The niftiness and diversity of consistent hashing

I’ve been interested in decentralized data in distributed systems lately. There’s too much data for any one storage node to handle, so you have lots of storage nodes and each gets some of the data. But how do you decide which node is responsible for a certain data item?

The problem space is diverse. In peer-to-peer systems, nodes just sort of have data that they register with the network. They have to not only find the node that has data, but also find out what data exists in the first place. Then there are distributed key/value systems like the one described in Amazon’s Dynamo paper. Data is placed in storage to balance the load and replicated across nodes to increase resiliency. And then there are CDNs and cache systems. In decentralized caches like the one described in the original consistent hashing paper, clients make an educated guess about the cache node that holds the data they’re looking for, and the design goal is to give each client a way to guess right most of the time with limited information.

I think the last problem is interesting: How can we make an educated guess about what storage node might have the data when we only have partial information about the network? It requires a bit of an intuitive leap.

Each data item is represented by a key, so there’s some concept of a key space, which represents all possible data keys. We can use a hash space as a pretty effective proxy for the key space, and then partition that hash space into ranges. Each storage node in our system becomes responsible for one of the ranges in the hash space.¹

A hash space is the set of possible outputs of a hash function – for example a SHA1 hash is 160 bits, so the hash space is all integers from 0 to 2¹⁶⁰. We know that if we hash different keys, we’re very likely to get different hash values, so this satisfies the “hash space as proxy for all possible keys” criterion.
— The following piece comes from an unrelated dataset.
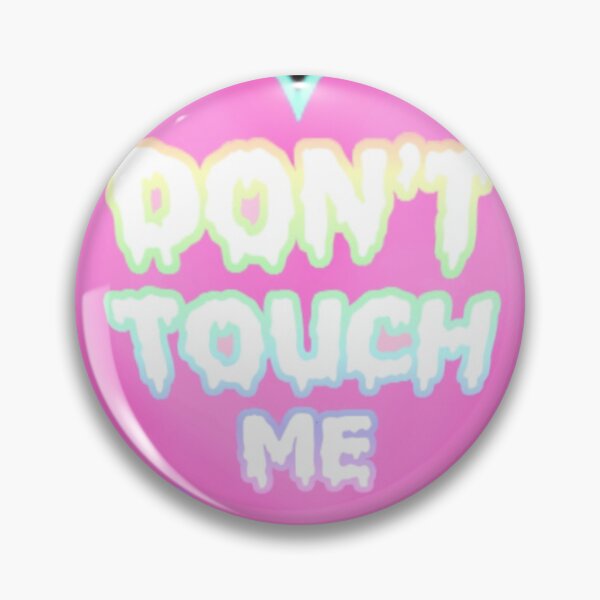 Item preview, Don't Touch Me designed and sold by Scaredycat85.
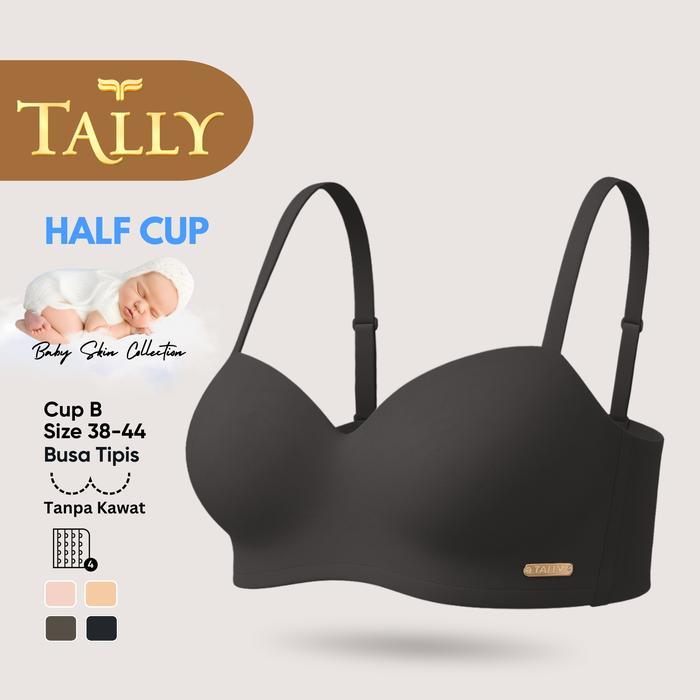 TALLY Bra Tanpa Kawat Busa Tipis Bahan Nilon Seamless Baby Skin CUP B Kait 4 Bra Setengah Cup BH 410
And hash functions are reasonably unbiased, so a hashed key has essentially equal probability of landing anywhere between 0 and 2^n_bits. The hash space is essentially a number line, and we can make it continuous by connecting the tail back to the head, so that the successor of the largest hash value is the smallest hash value.

You place a data item on the ring by hashing its key.

pos_x = sha1(x.key)

Our storage nodes are each responsible for a range, so we need a way to define these ranges. To that end, we place nodes on the ring as well, by hashing their IP addresses.

pos_server = sha1(s.ipaddr)

We decide that each node is responsible for the hash values between itself and its predecessor, which is to say the range of hash values between itself and the nearest counter-clockwise neighbor on the hash ring.

With a 64-bit hash space and 10 nodes, you might end up with a configuration like this.

My alt text

Now if a client knows about any set of storage nodes, it can make its own partition of the hash ring and be mostly correct! If the client knows about 9 out of 10 nodes, when it makes its partition of the hash ring, it will correctly identify 8 out of the 10 actual ranges, and it won’t do too badly guessing about the 9th and 10th ranges, either.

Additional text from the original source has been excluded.